Starting at the line that has "Disewakan Gudang Siap" and stopping after the line that has "2014 TOYOTA COROLLA S PLUS photo 8", reproduce the listing below exactly; omit everything else.
(Data records begins)
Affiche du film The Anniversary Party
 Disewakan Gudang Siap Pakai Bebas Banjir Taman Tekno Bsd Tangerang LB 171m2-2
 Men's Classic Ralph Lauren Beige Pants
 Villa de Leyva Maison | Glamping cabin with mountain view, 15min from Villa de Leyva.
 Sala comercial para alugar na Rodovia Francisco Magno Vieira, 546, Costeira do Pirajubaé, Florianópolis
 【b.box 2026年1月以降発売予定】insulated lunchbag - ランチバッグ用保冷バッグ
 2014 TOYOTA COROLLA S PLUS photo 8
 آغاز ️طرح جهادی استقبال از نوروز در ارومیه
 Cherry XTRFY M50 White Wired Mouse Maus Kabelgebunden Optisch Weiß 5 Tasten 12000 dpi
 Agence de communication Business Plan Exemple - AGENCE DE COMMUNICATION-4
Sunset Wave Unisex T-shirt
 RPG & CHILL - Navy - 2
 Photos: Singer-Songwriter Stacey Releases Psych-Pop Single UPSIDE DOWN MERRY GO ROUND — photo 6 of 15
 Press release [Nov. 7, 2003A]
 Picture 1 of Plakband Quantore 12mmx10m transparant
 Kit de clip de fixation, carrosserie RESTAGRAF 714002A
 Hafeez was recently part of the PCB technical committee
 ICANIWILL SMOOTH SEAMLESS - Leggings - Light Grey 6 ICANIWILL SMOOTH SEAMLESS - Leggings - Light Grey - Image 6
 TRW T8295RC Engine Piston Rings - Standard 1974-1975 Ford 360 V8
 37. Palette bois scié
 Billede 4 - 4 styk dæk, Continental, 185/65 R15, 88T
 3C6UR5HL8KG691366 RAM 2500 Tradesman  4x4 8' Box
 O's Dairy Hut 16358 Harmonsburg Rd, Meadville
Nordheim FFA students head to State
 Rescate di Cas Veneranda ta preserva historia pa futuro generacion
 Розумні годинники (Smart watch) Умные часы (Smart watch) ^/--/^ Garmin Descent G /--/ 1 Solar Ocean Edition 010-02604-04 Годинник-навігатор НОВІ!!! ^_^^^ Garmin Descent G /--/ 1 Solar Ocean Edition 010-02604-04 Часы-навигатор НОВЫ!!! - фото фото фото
(Data records ends)
**Solution to this task:**
 Disewakan Gudang Siap Pakai Bebas Banjir Taman Tekno Bsd Tangerang LB 171m2-2
 Men's Classic Ralph Lauren Beige Pants
 Villa de Leyva Maison | Glamping cabin with mountain view, 15min from Villa de Leyva.
 Sala comercial para alugar na Rodovia Francisco Magno Vieira, 546, Costeira do Pirajubaé, Florianópolis
 【b.box 2026年1月以降発売予定】insulated lunchbag - ランチバッグ用保冷バッグ
 2014 TOYOTA COROLLA S PLUS photo 8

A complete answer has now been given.